The front end is one of the clients for this layer. You can have other clients, like integrations with a model registry, data quality monitoring components, etc. What would be effective, as with most traditional software, would be to create services in this layer and in the API layer, which you’ll learn about in the following section.

For a basic experiment tracking tool, you need to implement two primary components of the system backend you want to build out:

1 User, project, and workspace registry.
2 Actual tracking component.

User, project, and workspace registry

This component helps you manage users of the experiment tracking tool and track their activities with the experiments they run. The main things this component needs to do are:

Handle authentication and authorization,
Project administration and permissions,
Quotas (number of requests per second, amount of storage) per project or workspace.
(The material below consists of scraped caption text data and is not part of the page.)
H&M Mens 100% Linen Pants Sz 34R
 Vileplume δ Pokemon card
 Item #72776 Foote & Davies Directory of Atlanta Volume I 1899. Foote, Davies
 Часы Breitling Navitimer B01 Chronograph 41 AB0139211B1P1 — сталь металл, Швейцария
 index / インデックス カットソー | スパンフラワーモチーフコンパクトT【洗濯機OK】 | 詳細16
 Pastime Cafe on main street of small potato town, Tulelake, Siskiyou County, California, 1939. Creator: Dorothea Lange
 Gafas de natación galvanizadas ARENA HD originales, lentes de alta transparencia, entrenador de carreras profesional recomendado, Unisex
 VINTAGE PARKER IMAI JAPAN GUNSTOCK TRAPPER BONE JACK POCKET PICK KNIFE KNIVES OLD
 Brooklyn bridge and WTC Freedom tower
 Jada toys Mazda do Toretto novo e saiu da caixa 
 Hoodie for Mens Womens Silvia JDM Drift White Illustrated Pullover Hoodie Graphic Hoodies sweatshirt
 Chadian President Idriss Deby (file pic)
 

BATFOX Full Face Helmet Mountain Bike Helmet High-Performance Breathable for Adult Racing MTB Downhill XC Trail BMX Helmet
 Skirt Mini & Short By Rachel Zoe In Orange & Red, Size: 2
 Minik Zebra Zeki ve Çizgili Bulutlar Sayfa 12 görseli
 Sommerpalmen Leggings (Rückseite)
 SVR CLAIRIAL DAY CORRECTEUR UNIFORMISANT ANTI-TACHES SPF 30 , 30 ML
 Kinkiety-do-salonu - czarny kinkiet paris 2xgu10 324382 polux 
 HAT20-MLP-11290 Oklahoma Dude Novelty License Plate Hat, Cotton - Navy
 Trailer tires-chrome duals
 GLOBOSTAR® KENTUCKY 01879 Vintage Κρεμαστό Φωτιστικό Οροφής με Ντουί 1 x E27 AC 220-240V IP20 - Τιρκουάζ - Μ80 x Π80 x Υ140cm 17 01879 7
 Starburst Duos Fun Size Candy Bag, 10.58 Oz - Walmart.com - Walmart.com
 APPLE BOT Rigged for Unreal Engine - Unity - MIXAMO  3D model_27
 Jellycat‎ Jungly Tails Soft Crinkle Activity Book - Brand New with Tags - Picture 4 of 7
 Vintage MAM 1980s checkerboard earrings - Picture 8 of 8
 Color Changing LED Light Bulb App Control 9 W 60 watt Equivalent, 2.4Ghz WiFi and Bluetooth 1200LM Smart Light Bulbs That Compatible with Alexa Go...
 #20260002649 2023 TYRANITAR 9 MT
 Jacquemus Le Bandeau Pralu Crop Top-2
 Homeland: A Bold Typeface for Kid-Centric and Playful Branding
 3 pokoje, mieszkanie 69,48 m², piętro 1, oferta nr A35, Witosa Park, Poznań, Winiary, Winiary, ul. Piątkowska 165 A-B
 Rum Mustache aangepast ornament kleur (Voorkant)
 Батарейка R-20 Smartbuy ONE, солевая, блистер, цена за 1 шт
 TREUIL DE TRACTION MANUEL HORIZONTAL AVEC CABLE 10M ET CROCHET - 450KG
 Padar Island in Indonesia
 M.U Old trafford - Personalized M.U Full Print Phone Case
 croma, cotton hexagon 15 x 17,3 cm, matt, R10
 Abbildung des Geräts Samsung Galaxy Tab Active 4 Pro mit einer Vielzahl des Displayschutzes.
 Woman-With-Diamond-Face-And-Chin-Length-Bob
What’s the level of permission detail you want to implement? You can choose between granular permissions, custom roles, and coarse, predefined roles.

Tracking component

The tracking component is the actual experiment tracking logic you need to implement. Here are some pieces you should consider implementing:

Attribute storage.
Blob and file storage.
Series storage.
Querying engine.

Attribute storage

Your runs have attributes (parameters, metrics, data samples, etc.), and you need a way to associate such data with the runs. This is where attribute storage and general data organization in a table come into play, so data lookups are easy for your users to perform. Of course, a relational database would be valuable here.

What is the level of consistency you want? Can you accept eventual consistency? Or would you rather have strong consistency at the cost of higher latency at the API layer?

Blob and file storage

Some attributes don’t easily fit into a database field, and you’d need a data model to handle this. Blob storage is a highly cost-effective solution. The main advantage is that you can store a vast amount of unstructured data. Your users might want to store source code, data samples (CSVs, images, pickled DataFrames, etc.), model weights, configuration files, etc. This solution comes in handy.

The key consideration to make here is the storage service’s long-term cost-effectiveness and low-latency access.

Series storage

You need to determine a way to store series, especially numeric series, which are attributes that require special attention. Depending on your use case, they could have tens to millions of elements. It could be challenging to store them in a way that lets the user access the data in the UI. You can also limit the number of series you support to, say, 1,000 elements, which is enough for many use cases.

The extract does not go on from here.